Non, Internet n’a pas de sang sur les mains

A l’occasion de l’Assemblée générale des Nations Unies, la Première ministre britannique Theresa May a invité l’ensemble des Etats à faire d’Internet, le premier responsable du terrorisme. Non seulement ceci est faux, mais c’est surtout dangereux. Car il s’agit d’une attaque en règle contre un Internet libre et ouvert, et contre une communauté internet d’ores et déjà responsable et engagée.

Frappée à plusieurs reprises au cours des deux dernières années, l’Europe a payé un lourd tribut à la lutte contre le terrorisme. Chacune des attaques avait un mode opératoire différent, chaque assaillant avait un profil particulier. Mais à la fin, une question demeure: qu’aurait-on dû faire pour éviter le pire?

A cette question, les gouvernements trouvent une réponse facile: restreindre et contrôler Internet. Il serait à l’origine de tous les maux et de toutes les actions -quand bien même les enquêtes ont pu démontrer que certains terroristes n’avaient eu, en aucune manière, recours aux moyens offerts par ces technologies pour commettre le pire.

Aujourd’hui encore, le gouvernement britannique lance une nouvelle offensive contre Internet. Ce n’est pas seulement un signal fort qui est envoyé. C’est surtout une insulte aux citoyens, à l’ensemble des décideurs publics et des entreprises. Estimer qu’une question aussi grave et complexe que le terrorisme pourrait être gérée et endiguée par un simple mesure technique est à la fois irréaliste et profondément dangereux. C’est nier une réalité complexe. C’est aussi refuser de prendre ses responsabilités sur un plan politique dont relèvent tant les questions de sécurité publique, d’éducation et d’intégration. «Patcher l’Internet» pour éradiquer le terrorisme, l’endoctrinement ou la radicalisation est vain et illusoire.

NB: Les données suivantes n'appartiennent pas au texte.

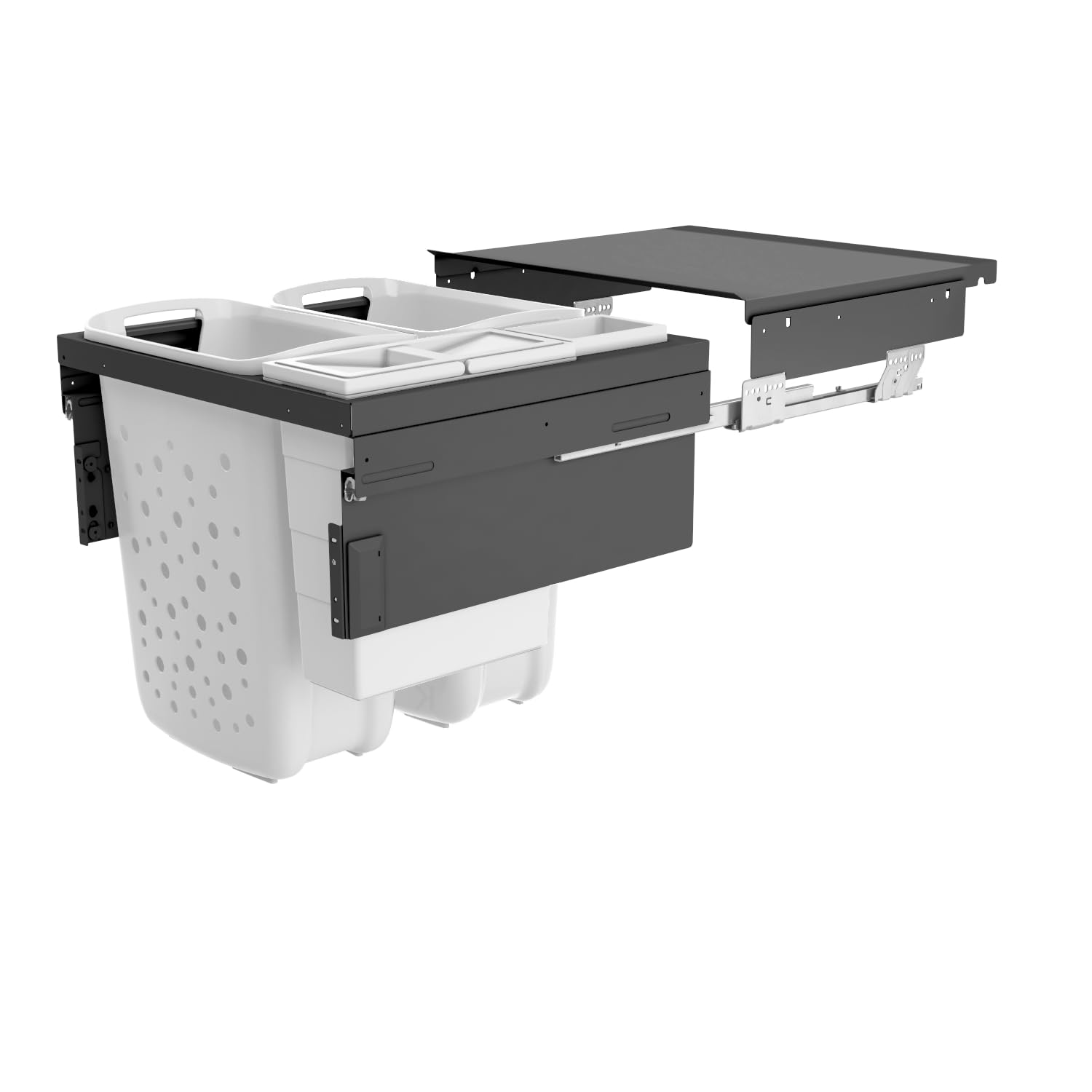 Hailo Wäschesammler | Laundry Carrier Wäschebehälter 60 LC Slide SC | 80 Liter Sammelvolumen | platzsparend & stabil | Einbau Wäschekorb für Schmutzwäsche im Haushalt und Badezimmer (Dunkelgrau-Weiß)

Le contrôle et la suppression proactive des contenus n’y changeront rien. L’ensemble des acteurs présents dans le paysage français a déjà mis en œuvre des outils qui permettent de signaler, revoir, analyser et supprimer les contenus faisant l’apologie du terrorisme. Cette propagande se trouve alors repoussée aux limites du Web, sur des plates-formes et dans des géographies ayant des politiques plus souples ou moins regardantes. Les terroristes changent en permanence leurs pratiques, utilisant d’autres moyens de communication pour perpétuer la circulation des contenus.

A l’inverse, les gouvernements doivent développer de nouvelles approches innovantes destinées à lutter contre la radicalisation de certaines personnes. De nombreux rapports concluent que non seulement les mesures de censure ou blocage de l’Internet ne sont pas efficaces mais qu’elles s’avèrent contre-productives. Il est toujours possible de contourner un blocage technique par une autre mesure technique. Il est toujours possible de consulter un contenu dès lors que son auteur le multiplie à l’infini sur l’ensemble des sites existants, utilisant dans certains cas, des failles de sécurité pour s’immiscer en toute discrétion au sein de sites normaux.

Mais surtout, les gouvernements doivent enfin admettre que les phénomènes de radicalisations demeurent des processus complexes qui ne commencent, ni ne se réduisent à Internet. Il ne revient pas aux acteurs de l’internet de se substituer à la puissance publique. Il ne convient pas que le politique se décharge de sa responsabilité sur les acteurs de l’Internet.

Nous pouvons accompagner ou assister ces démarches comme l’ensemble des membres de l’ASIC ont pu le faire au cours de ces dernières années en matière de contre-discours. Il serait temps de voir Internet, non comme à la source de tous les maux, mais comme une force permettant d’aider à rééquilibrer les forces. Au lieu de perpétuellement pointer du doigt les acteurs du numérique, peut-être serait-il temps de voir où résident les vraies responsabilités et quelles doivent être les vraies solutions.